Here’s the issue: rather than listing MTN MoMo directly by introduction—a path that would have preserved the public ownership and disclosure framework—MTN has chosen to transfer MoMo’s operations into MTN New FinCo, a private company. Minority shareholders’ interests in this new company will be held not directly, but through a trust. This trust is not listed, nor is it subject to the Capital Markets Authority (CMA) or Uganda Securities Exchange (USE) disclosure rules.

This might seem like a clever workaround—especially with promises of future unbundling—but it introduces significant risk and uncertainty. Moving a public company’s most valuable asset into a private trust structure
creates opacity and erodes investor protections in ways that should give shareholders pause.

Among the most pressing concerns:

  • Governance Gaps: The trust is unlikely to meet the governance standards required of listed entities. Its memorandum and articles of association (memarts) will not be subject to CMA review or public oversight.

  • Disclosure Loopholes: MTN New FinCo, being a private company, will not be bound by the same continuous disclosure obligations as listed firms. Investors may no longer receive timely, detailed financial reports or material updates.

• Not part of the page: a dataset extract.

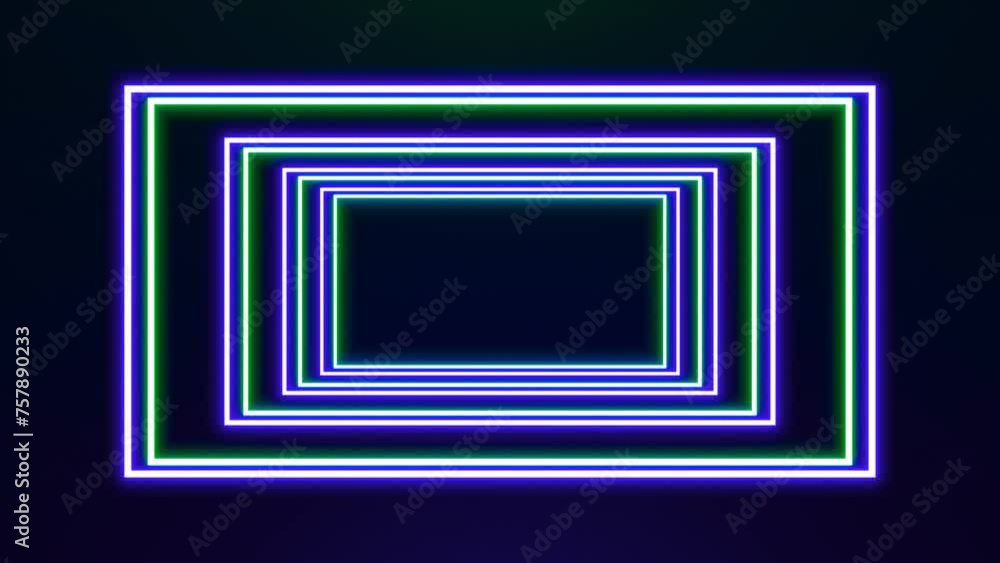 Neon glowing square tunnel with fast moving light lines Neon glowing square tunnel with fast moving light lines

  • Loss of Minority Protections: Listed companies are required to protect minority shareholder rights. These safeguards—including voting rights, access to information, and equitable treatment—may be diluted or lost entirely in the trust structure.

  • Board Composition and Accountability: The board governing MTN New FinCo is not the board that investors originally backed when they bought MTN shares. The separation breaks the continuity of oversight and strategic alignment.

  • Regulatory Ambiguity: Can institutional investors like NSSF even hold ownership in a trust structure? Pension funds are typically restricted from investing in unregulated vehicles. This raises real questions about whether Uganda’s largest institutional investor can maintain its exposure to the MoMo business under the new framework.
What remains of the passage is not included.